My experience was on Scout trips – the eggs were pretty awful.  So I set out to do my home experience, and picked up a pint carton of Food Club (TopCo) brand “Great Egg0-Spectations.” The carton promises “contains 99% real egg product. (See full ingredient list at the end of this post).

I can see why they use these at the mass breakfasts, or in commercial bakeries and restaurants. Speed, little waste, consistent product. (As you know, “fresh” eggs can vary in taste and size).

So these were a buck. The carton contains the equivalent of eight eggs. 3 T equal 1 egg.  A reason for buying them would not be value, certainly at any store in any given week, you can find at least one brand at around 50 cents a dozen. Of course, you can pay up to $6 a dozen from the same display case, and obviously, people must buy them or they wouldn’t be there, but I sure don’t get the idea of $6 eggs.

I assumed I could use the product as I would fresh eggs, so I set out to make scrambled eggs, adding a dollop of milk to my mix, cooking them in a non-stick skilled at medium heat. They turned out just fine. Tasted like…………….spoiler alert……………scrambled eggs!
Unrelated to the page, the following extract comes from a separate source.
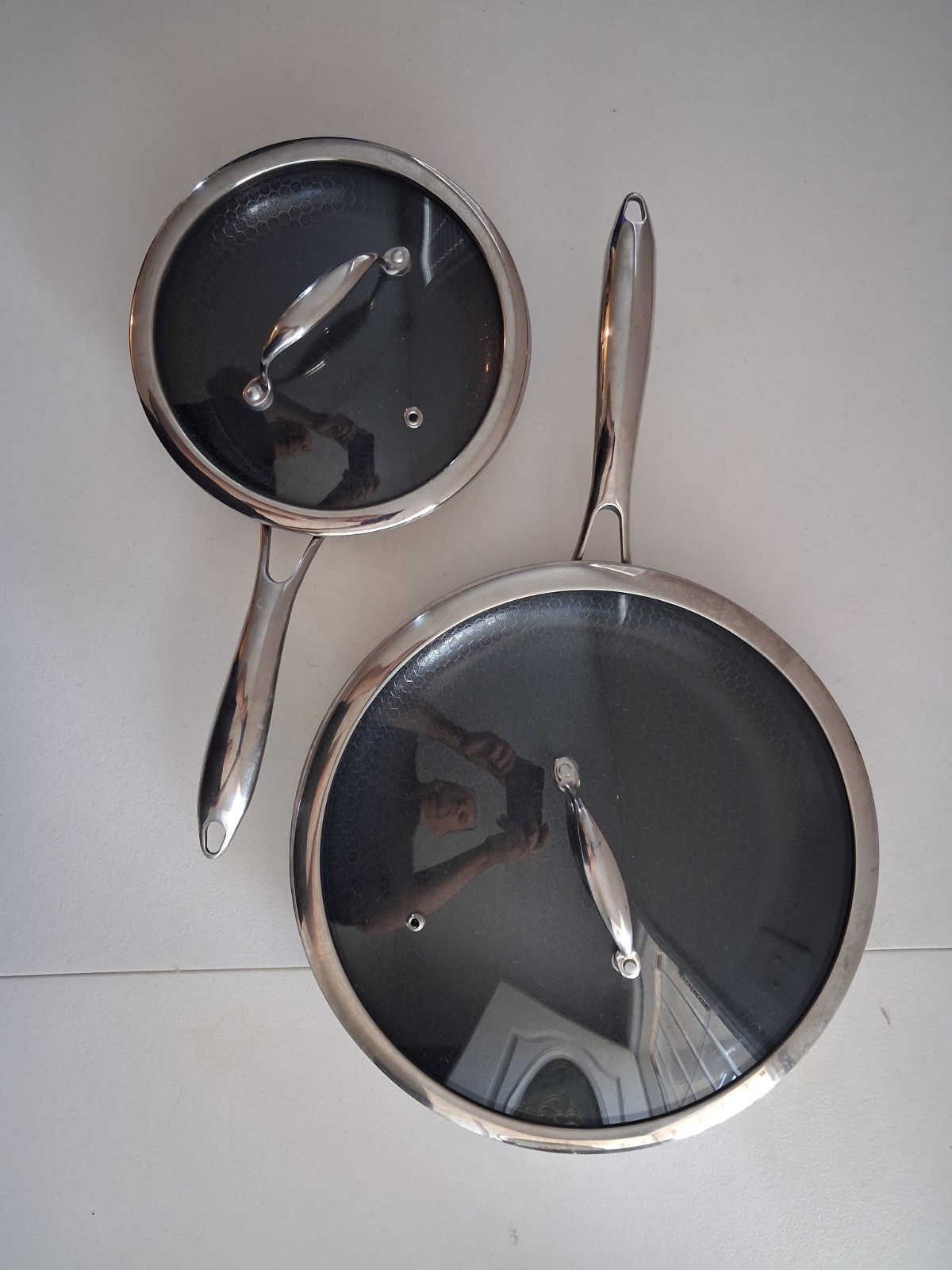 Hexclad Hybrid Cookware Nonstick 8 Inch And 10 Inch Frying Pans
Food Club brand is part of Topco, which is based in suburban Chicago, and started as a co-op of producers in the 1940s. They sell thousands of different products (frozen, refrigerated and dry)  under their own brand names, to a wide variety of retailers. They also produce their products in three different value segments, from a economy type product to an added value kind.

My conclusion is that liquid eggs are tasty and convenient. Would I buy them again? Nah, like I said above, I really don’t “get it” for home use. Plus the carton instructs you to use in a week, and most people keep fresh eggs around for weeks without a care. If you’re really concerned with product longevity, powdered eggs can last 5-10 years, depending on the brand and storage method.
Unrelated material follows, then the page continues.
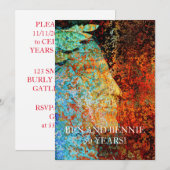 古代ローマのカエサルメモリー 招待状 (正面/裏面)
Do you use liquid eggs at home? How do you use them? Do you have a preferred brand?

INGREDIENTS

EGG WHITES (99%), LESS THAN 1%: NATURAL FLAVOR, COLOR (INCLUDES BETA CAROTENE), SPICES, SALT, ONION POWDER, XANTHAN GUM, GUAR GUM, VITAMINS AND MINERALS: CALCIUM SULFATE, IRON (FERRIC ORTHOPHOSPHATE), VITAMIN E (ALPHA TOCOPHEROL ACETATE), ZINC SULFATE, CALCIUM PANTOTHENATE, VITAMIN B12, VITAMIN B2 (RIBOFLAVIN), VITAMIN B1 (THIAMINE MONONITRATE), VITAMIN B6 (PYRIDOXINE HYDROCHLORIDE), FOLIC ACID, BIOTIN, VITAMIN D3.